Entretanto, a Defensoria Pública de São Paulo, parte recorrente da ação supracitada, entende que este dispositivo legal viola os direitos e garantias da intimidade do agente, dada ausência de afronta à saúde pública.

Em contrapartida, aqueles que divergem dessa ótica apresentada pela Defensoria, tendem a argumentar que, o risco da saúde pública se faz presente sobre a ótica do ótica do perigo abstrato (não exigem a lesão de um bem jurídico  ou a colocação deste bem em risco real e concreto), além da quantia não ser especificada a quantidade e nem que tipo de droga será permitida.

Quanto à quantidade e tipo de droga a ser permitida, o ministro Barroso sugeriu, em seu voto, que o Supremo determine que não é crime andar com até 25 gramas de maconha ou cultivar até seis plantas para consumo pessoal.

Na mesma esteira votou o ministro Fachin, sugerindo que seja descriminalizado apenas o porte de maconha.

Quanto ao argumento da ótica do perigo abstrato, os contrários à descriminalização argumentam, que, os bens jurídicos resguardados pelo tipo penal são: 1) proteção da saúde do usuário; 2) inibição do tráfico de drogas e 3) propensão do usuário de drogas à prática de outros crimes.

A corrente contrária ao entendimento da Defensoria Pública argumenta que a descriminalização, não é o caminho a ser trilhado.
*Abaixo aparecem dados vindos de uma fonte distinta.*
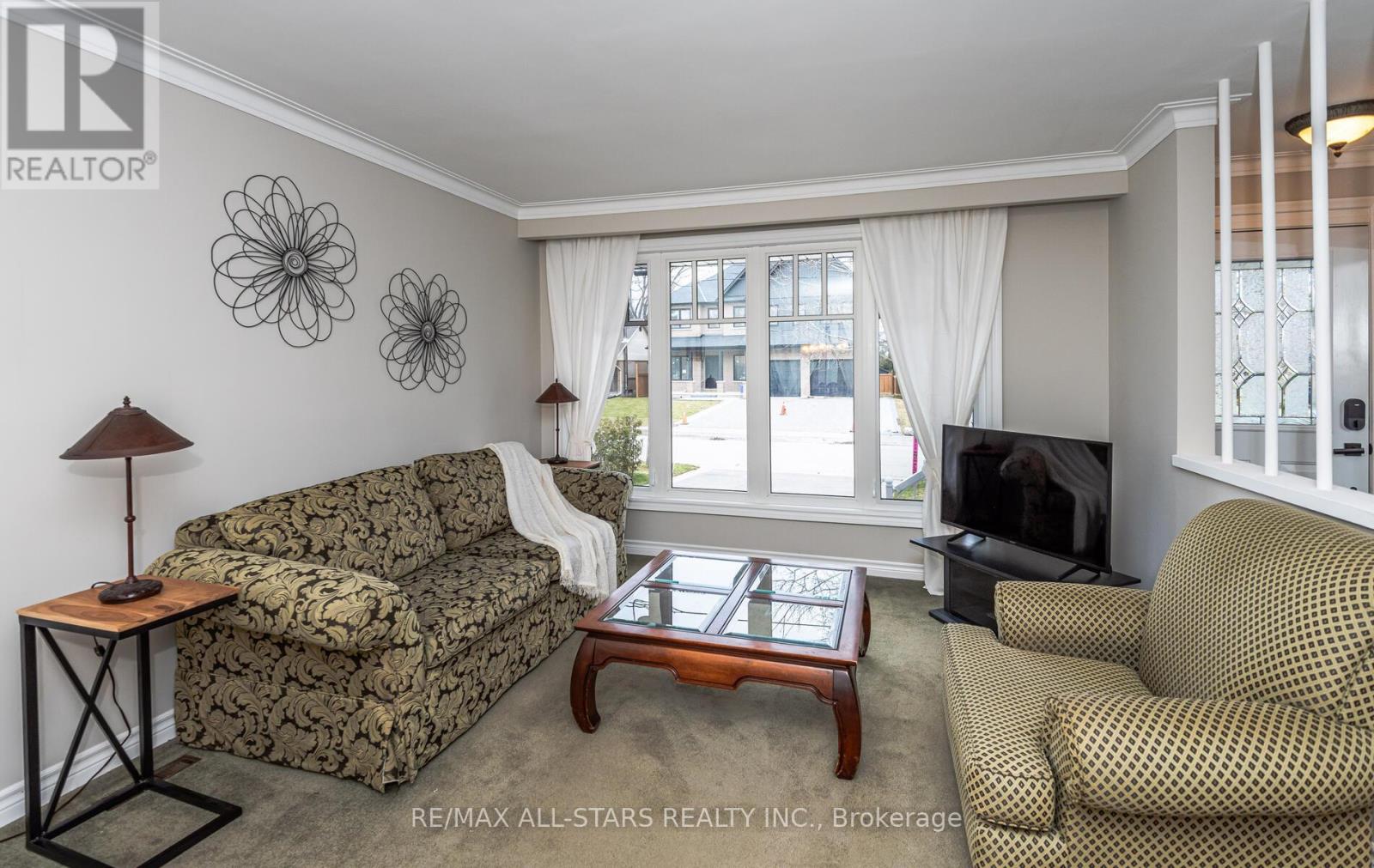 101 Hawthorn Avenue, Whitchurch-Stouffville, Ontario  L4A 4T1 - Photo 5 - N12960476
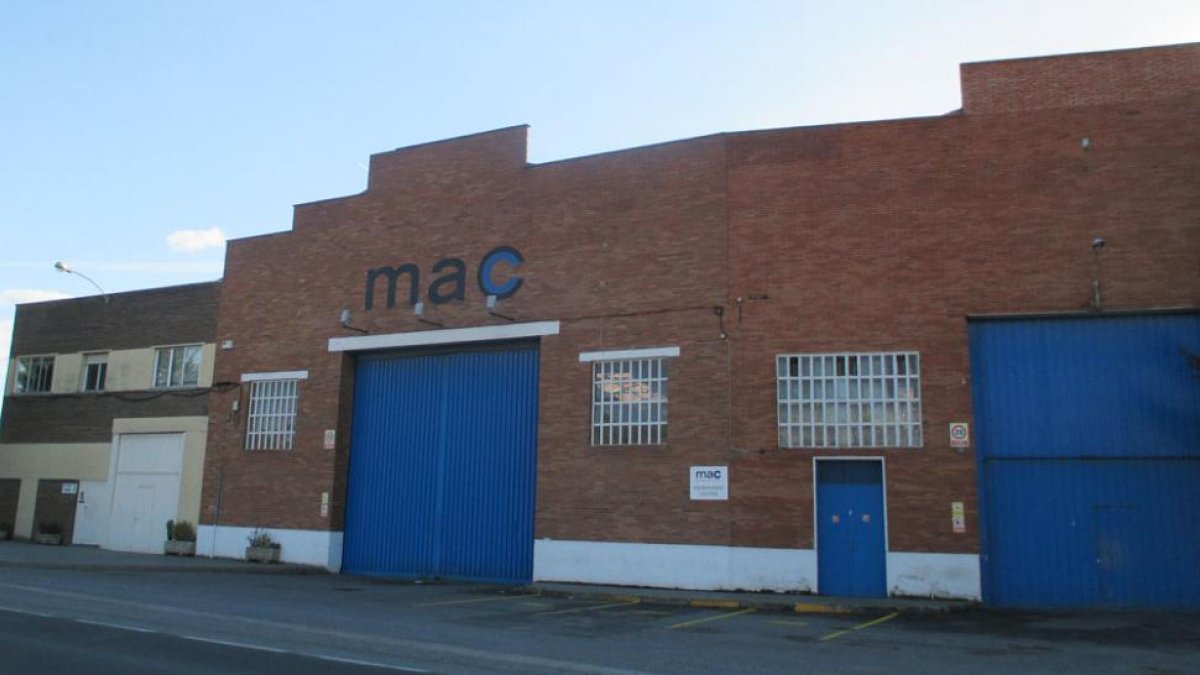 Dotaciones de la empresa mirandesa, la cual necesita capital para mantener la producción.-E. M.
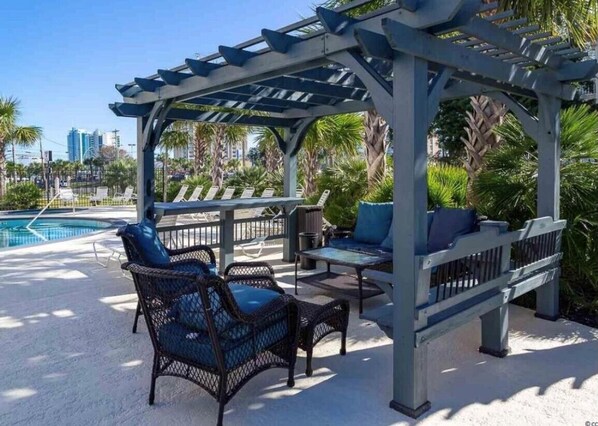 Terrace/patio - 2 Bedroom, 2 Bath Condo, 2 Blocks from the BEACH! (Myrtle Beach)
Uma vez que, ela iria aumentar o número de usuários e de viciados, além de fomentar o tráfico e colaborar para o aumento dos crimes violentos.
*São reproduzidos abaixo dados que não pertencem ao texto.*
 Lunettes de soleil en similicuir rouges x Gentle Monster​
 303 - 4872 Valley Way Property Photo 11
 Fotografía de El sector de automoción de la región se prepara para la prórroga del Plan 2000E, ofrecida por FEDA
Mas se partirmos dessa premissa, deveria o consumo do álcool ser criminalizado, sobre o mesmo argumento; proteção da saúde do usuário, prevenindo que o  usuário pratique outros crimes pelo consumo excessivo de álcool, ao terem suas capacidades cognitivas afetadas. Pois age de maneira acentuada no córtex pré-frontal, o principal responsável pelas funções cognitivas.

Entretanto, cumpre salientar que a história da humanidade demonstrou que a criminalização por si só, não foi capaz de  extinguir a dependência química de usuários, tão pouco reduzirá o seu número pelo simples fato de haver previsão legal enquadrando a conduta como tipo legal.

De acordo com o jurista Claus Roxin: “comportamentos que somente infrinjam a moral, a religião ou a political ‘correctness’, ou que levem a não mais que uma autocolocação em perigo, não devem ser punidos num estado social de direito. Afinal, o impedimento de tais condutas não pertence às tarefas do direito penal, ao qual somente incumbe impedir danos a terceiros e garantir as condições de coexistência social” (Estudos de Direito Penal, 2006, p. 12) [1].

Partilhando da ideia apresentada por Roxin, o Estado não pode impor condições prévias ao ato, sob a justificativa de que tal feito visa a proteção do indivíduo, caso contrário, estaríamos diante de uma ofensa grave ao princípio da alteridade, que por sua vez prevê que nosso ordenamento jurídico só deve punir condutas que firam direitos alheios. Sendo essa a principal tese aventada pelos defensores da descriminalização.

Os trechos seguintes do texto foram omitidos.